>>>>>

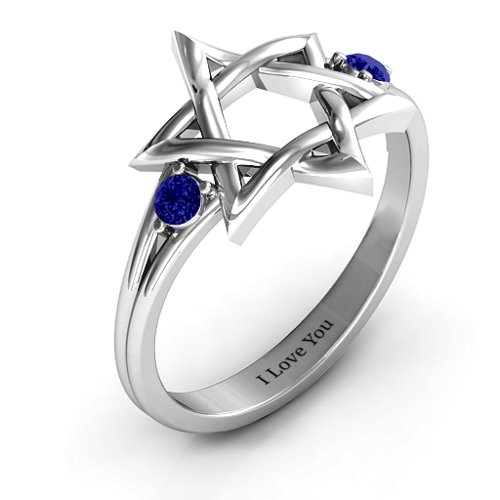 Classic Star of David Ring – Sterling Silver with Blue Sapphire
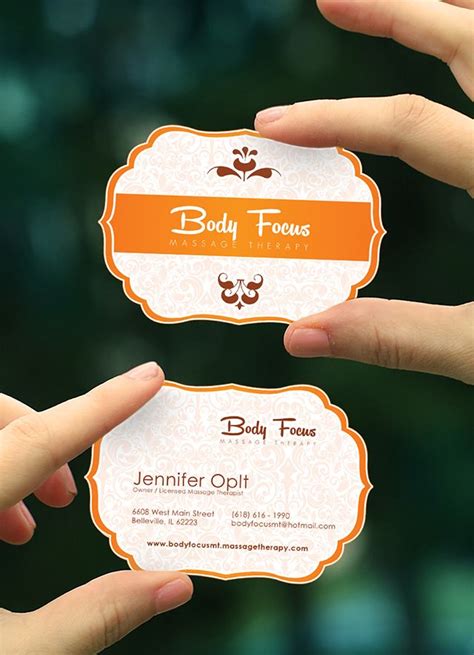 massage therapy business card templates professional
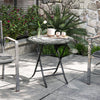 Outsunny Folding Rattan Garden Dining Table, 68 cm Round Rattan Garden Table with Water Ripple Tempered Glass Top, Wicker Edging and Steel Frame for Outdoor, Patio, Grey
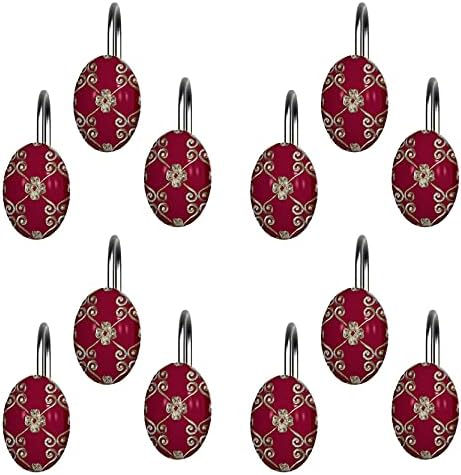 Zahari Home Elegant Rose Bathroom Shower Curtain Set - 13pc Set Including 12 Rings - Contemporary Decor - Burgundy Shower Curtain - Unique Design - Stylish Accessories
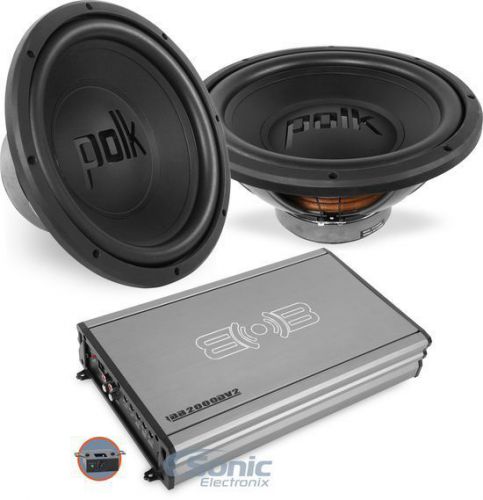 Polk audio + belva amplified bass pack: 2 12&#034; dxi subs + monoblock amplifier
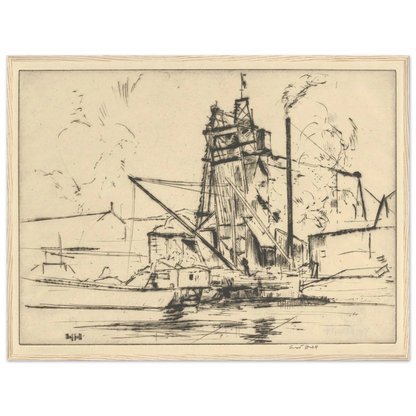 Bridgeport Docks (probably 1918) Art Print | Ernest Haskell-Quipham Collections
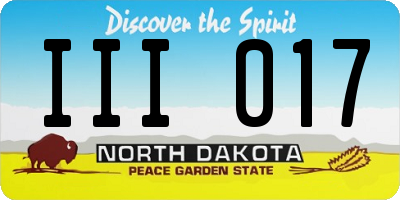 ND license plate III017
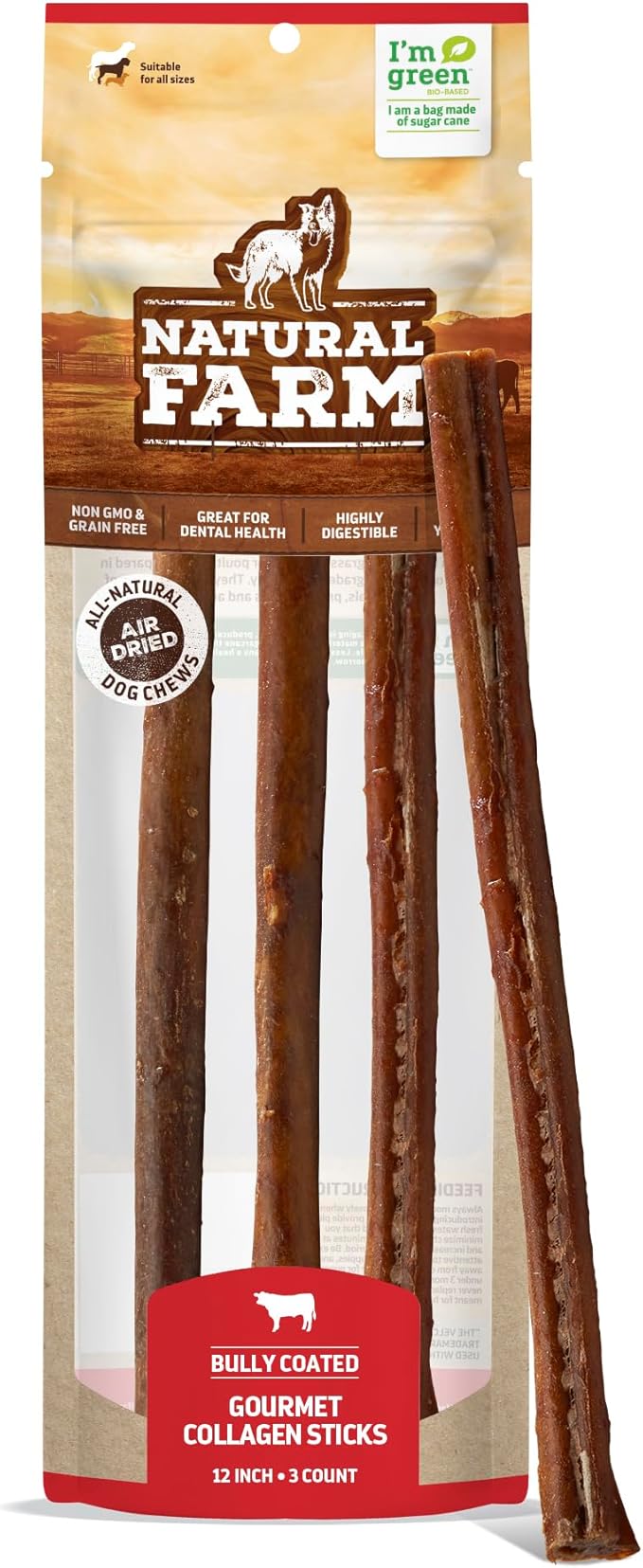 Natural Farm Bully Coated Gourmet Collagen Sticks (12 Inch, 3 Pack), Real Bully Beef Coated, 95% Natural Collagen Dog Chews, Supports Healthy Joints, Skin & Coat - Best for Small & Medium Dogs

<<<<<

Activity: Lines from the one containing "Outsunny Folding Rattan" through the end of the listing, both included, are to be restated exactly, and pictures are to be left out.

Answer space:
 Outsunny Folding Rattan Garden Dining Table, 68 cm Round Rattan Garden Table with Water Ripple Tempered Glass Top, Wicker Edging and Steel Frame for Outdoor, Patio, Grey
 Zahari Home Elegant Rose Bathroom Shower Curtain Set - 13pc Set Including 12 Rings - Contemporary Decor - Burgundy Shower Curtain - Unique Design - Stylish Accessories
 Polk audio + belva amplified bass pack: 2 12&#034; dxi subs + monoblock amplifier
 Bridgeport Docks (probably 1918) Art Print | Ernest Haskell-Quipham Collections
 ND license plate III017
 Natural Farm Bully Coated Gourmet Collagen Sticks (12 Inch, 3 Pack), Real Bully Beef Coated, 95% Natural Collagen Dog Chews, Supports Healthy Joints, Skin & Coat - Best for Small & Medium Dogs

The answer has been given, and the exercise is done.